- Create a new Mortgage Coach presentation. On the Goals tab, select Purchase a New Home.
- On the Affordability tab, leave the Savings balance and Savings interest rate % blank.
- Name the first loan product "Cash Purchase" (or another user-friendly Product 1 name) and leave the loan parameters blank except for the property value. Set the downpayment equal to the purchase price. Make sure to fill in the monthly taxes and insurance if you are showing PITI payments.
- Enter your new purchase loan as you would normally do for Product 2.
- On the Analysis tab, click on the adjust reinvestment strategy.
- Use the bottom area to show the cash flow on each scenario (investment area). To do this:
- Leave the start balance at zero, then give it a low rate of return (like 4%). Then enter the difference in the payments as a monthly contribution back to the savings on the cash option so it accounts for the money they would otherwise spend monthly on the mortgage (if negative due to rental income, apply monthly savings on mtg option instead.)

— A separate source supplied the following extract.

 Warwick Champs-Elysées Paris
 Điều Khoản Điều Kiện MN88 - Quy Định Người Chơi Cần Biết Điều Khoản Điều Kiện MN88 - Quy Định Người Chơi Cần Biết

- On the mortgage option, use the purchase price minus the cash to close as the start balance and give it the same or higher rate of return. Note that the borrower could potentially get a better return rate on a large sum of money versus monthly payments. Use this to support a conversation about involving a financial planner.
- Choose the option Total Net Worth for the Long-term chart type so it shows the total assets and equity against each other.
The end result of the presentation is that it shows that paying cash will always save you interest vs a mortgage, but the long-term area is what we are really looking at.
The question for the borrower is whether they want to deplete their savings in order to buy the house (no liquidity in case of emergencies or future investments or purchases) or if they don't mind paying the additional interest to maintain liquidity in case they want to purchase a second home, put a child through school, or retain the funds for retirement.
Since the net worth ends up about the same in either scenario, the only way to cash out the net worth on the cash option to get liquidity back would be to either sell the house and hope the equity is still there or cash out refinance and take a loan anyway. With the mortgage option, they have the flexibility to use their money any time and this could lead into a conversation about purchasing a second property and renting it out for additional income toward the investment.